If the authors are serious, this is a silly, distasteful book. If they are not, it’s a brilliant satire.

The authors have created a sort of anti-Book of Virtues in this encyclopedic compendium of the ways and means of power.

Everyone wants power and everyone is in a constant duplicitous game to gain more power at the expense of others, according to Greene, a screenwriter and former editor at Esquire (Elffers, a book packager, designed the volume, with its attractive marginalia). We live today as courtiers once did in royal courts: we must appear civil while attempting to crush all those around us. This power game can be played well or poorly, and in these 48 laws culled from the history and wisdom of the world’s greatest power players are the rules that must be followed to win.

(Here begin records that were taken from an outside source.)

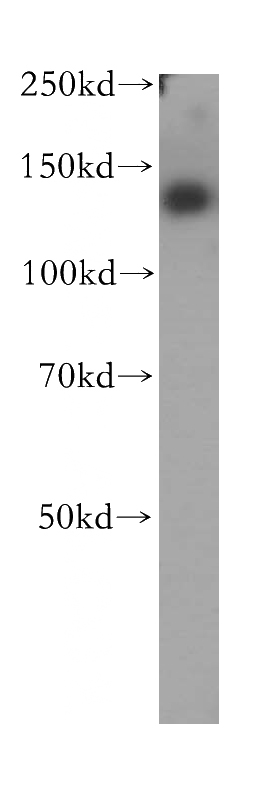 human placenta tissue were subjected to SDS PAGE followed by western blot with Catalog No:111863(ITGB3 antibody) at dilution of 1:300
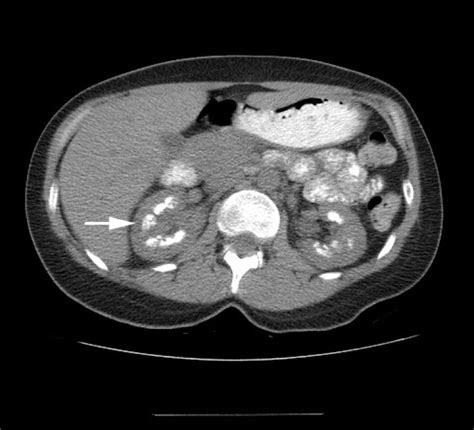 Image Diagnosis: Medullary Sponge Kidney | The Permanente Journal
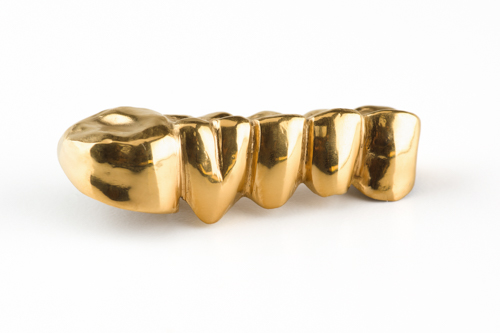 Zahngold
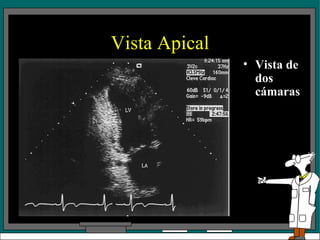 Vista Apical Vista de dos cámaras 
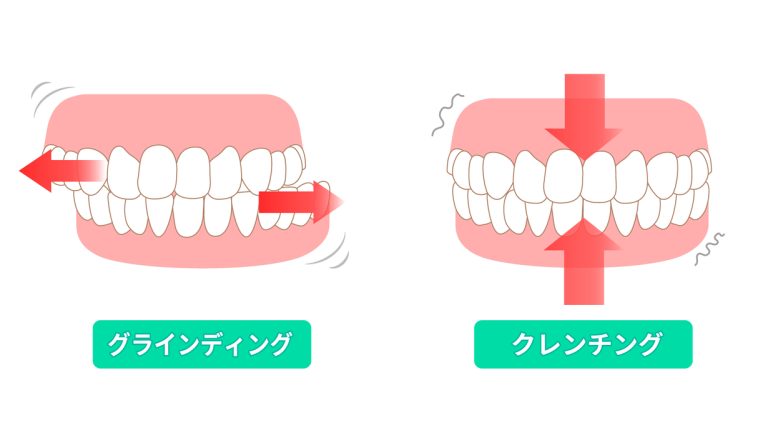 歯ぎしり・食いしばり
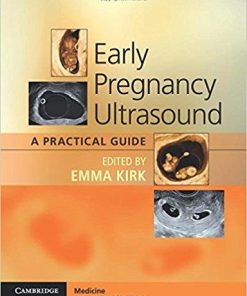 Early Pregnancy Ultrasound: A Practical Guide 1st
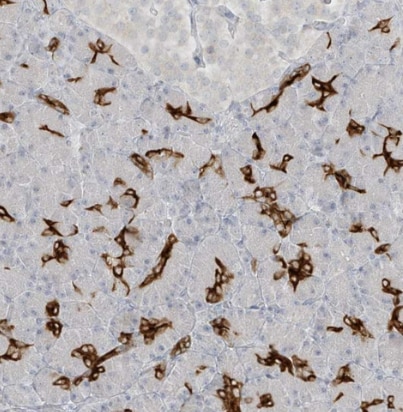 DCDC2 Antibody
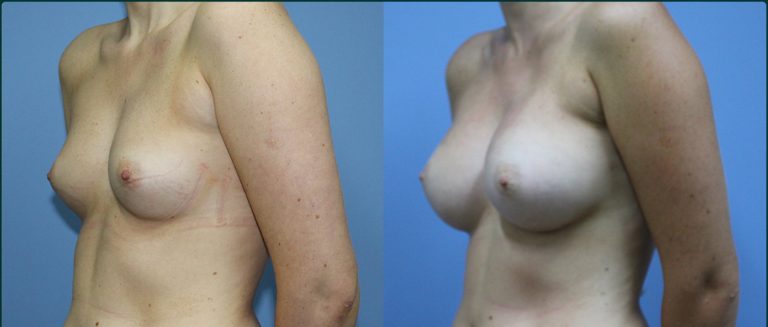 Breast augmentation before and after, female patient, case BAU-L04, Dr Rohit Kumar, Sydney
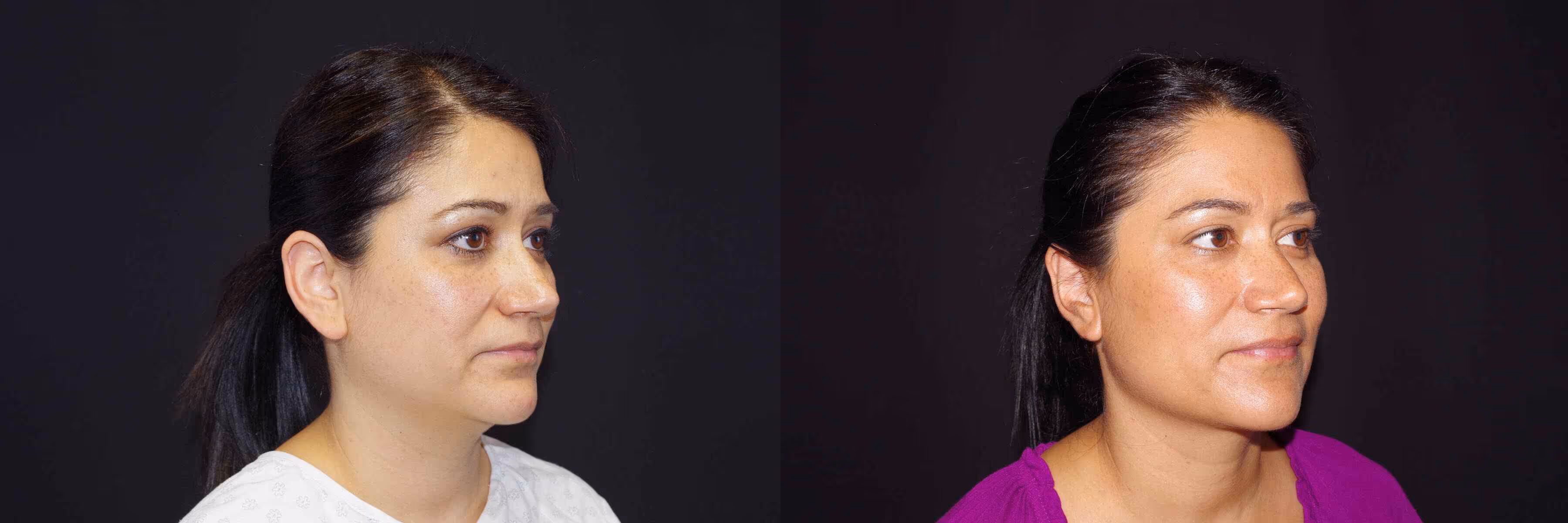 Before And After Patient Image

These laws boil down to being as ruthless, selfish, manipulative, and deceitful as possible. Each law, however, gets its own chapter: “Conceal Your Intentions,” “Always Say Less Than Necessary,” “Pose as a Friend, Work as a Spy,” and so on. Each chapter is conveniently broken down into sections on what happened to those who transgressed or observed the particular law, the key elements in this law, and ways to defensively reverse this law when it’s used against you. Quotations in the margins amplify the lesson being taught. While compelling in the way an auto accident might be, the book is simply nonsense. Rules often contradict each other. We are told, for instance, to “be conspicuous at all cost,” then told to “behave like others.” More seriously, Greene never really defines “power,” and he merely asserts, rather than offers evidence for, the Hobbesian world of all against all in which he insists we live. The world may be like this at times, but often it isn’t. To ask why this is so would be a far more useful project.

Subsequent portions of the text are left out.